Le service technique de Zino m'a pris de haut en m'affirmant que j'étais le seul, que je. E savais pas utiliser un ordinateur.... 
Le telechagemenlt bloquait sytematiquement à 68% et l'appui quittait.

Finalement, j'ai obtenu le remboursement et depuis figAro n'est plus proposé...

---------- Nouveau message ajouté à 09h38 ---------- Le message précédent a été envoyé à 09h35 ----------

PS: Je précise que je trouve que Zino est une superbe application, la qualité des textes et des photos est excellente! Les photos de "Géo" par ex sont somptueuses


----------



## Gautier (27 Juin 2010)

Merci pour ta réponse. De mon côté, le Nouvel Obs se charge à 100 % sur l'iPad mais toutes les pages sont grises. Le phénomène ne se produit qu'avec un numéro en particulier.
Le support n'a pas encore répondu... Le problème est que c'est une fois le magazine payé que l'on constate que cela ne fonctionne pas. Je n'achèterai d'autres numéros qu'une fois le bug résolu.


----------



## jperezpla (28 Juin 2010)

Bonjour,
Nous regrettons l'incident que vous rapportez. Nous avons fait le test ce matin sur un iPad et n'avons pas détecté le problème que vous signalez.
Aussi je vous propose de vous contacter directement afin de détecter ensemble l'origine de ce problème.
Cordialement :
Joseph Pérez Pla, Zinio International.


----------



## Esart (28 Juin 2010)

En ce qui me concerne, c'est aussi ce que vous m'aviez répondu mais finalement malgré de nombreuses tentatives, je n'ai jamais réussi à télécharger le Figaro Magazine et vous m'avez remboursé.
J'observe que le Figaro n'est plus proposé sur votre site ...

Avant d'accuser le client, il est bien de se mettre en cause


----------



## Gautier (28 Juin 2010)

jperezpla a dit:


> Nous regrettons l'incident que vous rapportez. Nous avons fait le test ce matin sur un iPad et n'avons pas détecté le problème que vous signalez.


Et pourtant, voici ce que donne la lecture du "Nouvel Observateur" du 24 juin :






Pour mémoire, le numéro précédent :





Comme déjà indiqué, j'ai supprimé puis rechargé ce numéro plusieurs fois (au cas où il y aurait eu un problème de téléchargement). A chaque fois, le téléchargement va jusqu'à 100% et aucune erreur n'apparaît. Le magazine peut être feuilleté (on voit les numéros de pages) mais tout est gris. Le bug n'est peut-être pas lié au fichier lui-même puisque vous arrivez à le lire de votre côté. Mais il m'est difficile de savoir d'où il provient.
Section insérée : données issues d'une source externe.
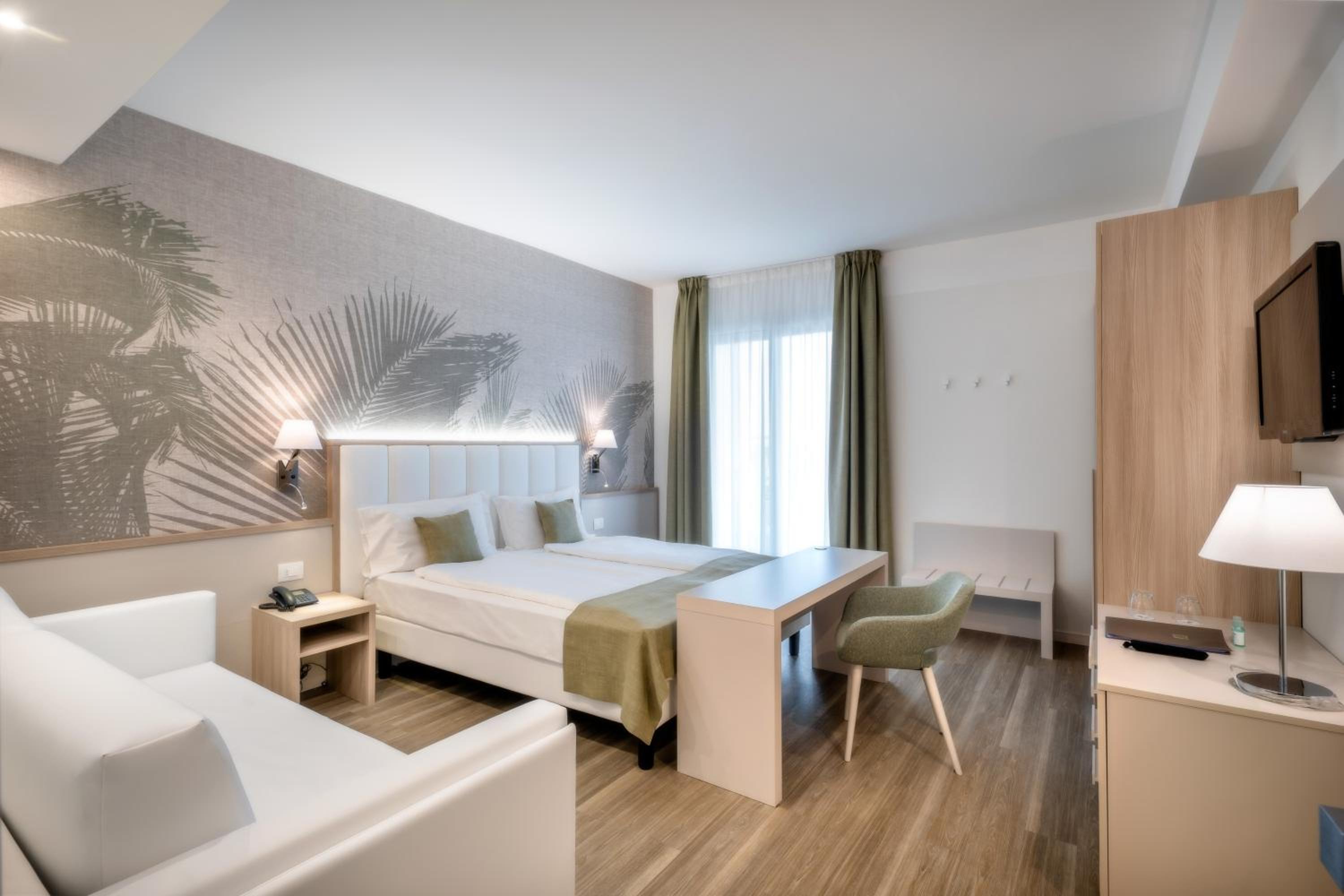 Superior Quadruple Room photo 2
J'ai heureusement pu lire ce numéro à problème sur mon Mac (mais ce n'est pas mon but, j'ai acheté un iPad pour pouvoir lire sans emporter de Mac avec moi - avant l'iPad j'achetais d'ailleurs du papier).



jperezpla a dit:


> Aussi je vous propose de vous contacter directement afin de détecter ensemble l'origine de ce problème.


J'ai envoyé un message au support Zinio (adresse email trouvé sur le site) bien avant de poster un message sur ce forum.

Bonne soirée


----------



## Esart (29 Juin 2010)

A moi aussi le technicien de Zino affirmait qu'il pouvait télécharger et lire le figaro magazine... 
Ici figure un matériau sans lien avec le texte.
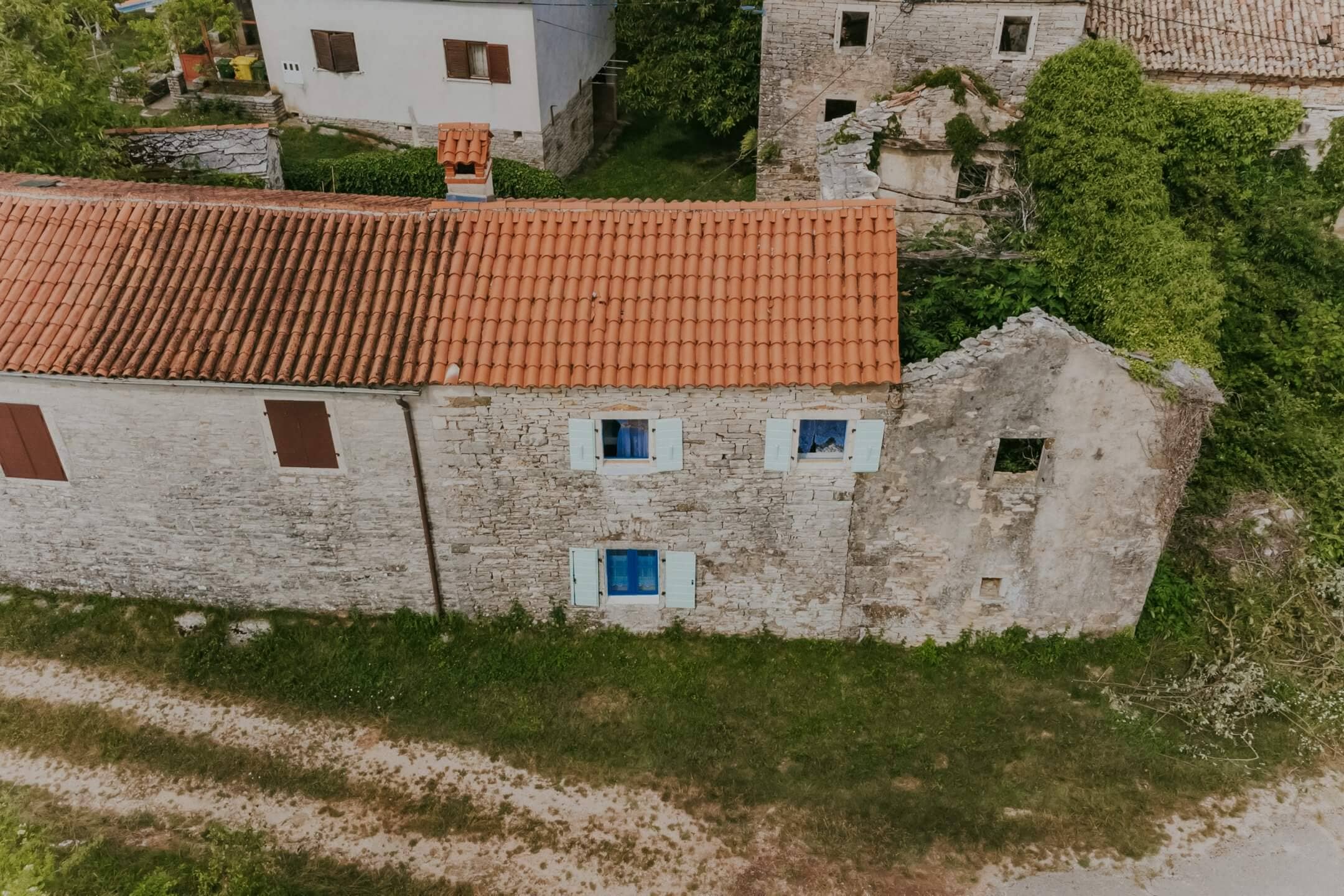 Šterna surroundings | Terraced stone house in a secluded area with potential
J'en doute mais il est vrai qu'il est plus simple de mettre en cause le client.
Je ne supporte pas cette attitude de technicien borné.
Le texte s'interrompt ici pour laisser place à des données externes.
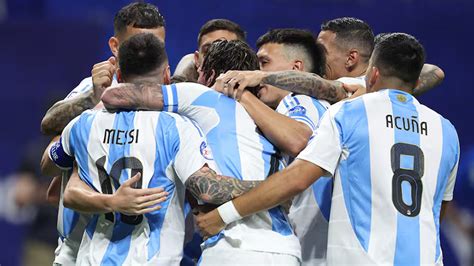 Argentina le ganó 2 a 0 a Canadá en su debut por Copa América videos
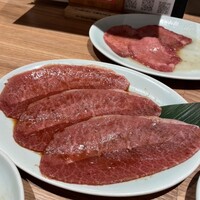 肉の山翔 -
Si un client signale un problème pour un produit payé c'est qu'effectivement il a un problème.

@ Gauthier:  j'ai eu quelquefois ce problème juste après des téléchargements complets d'autres magazines mais le problème ne portait que sur les quelques premières pages puis finalement l'affichage complet se faisait bien au bout d'une vingtaine de secondes.

Je ne sais pas si Zino impose un cahier des charges technique aux éditeurs mais je pense que le problème vient du contenu des fichiers (fichiers trop gros ?)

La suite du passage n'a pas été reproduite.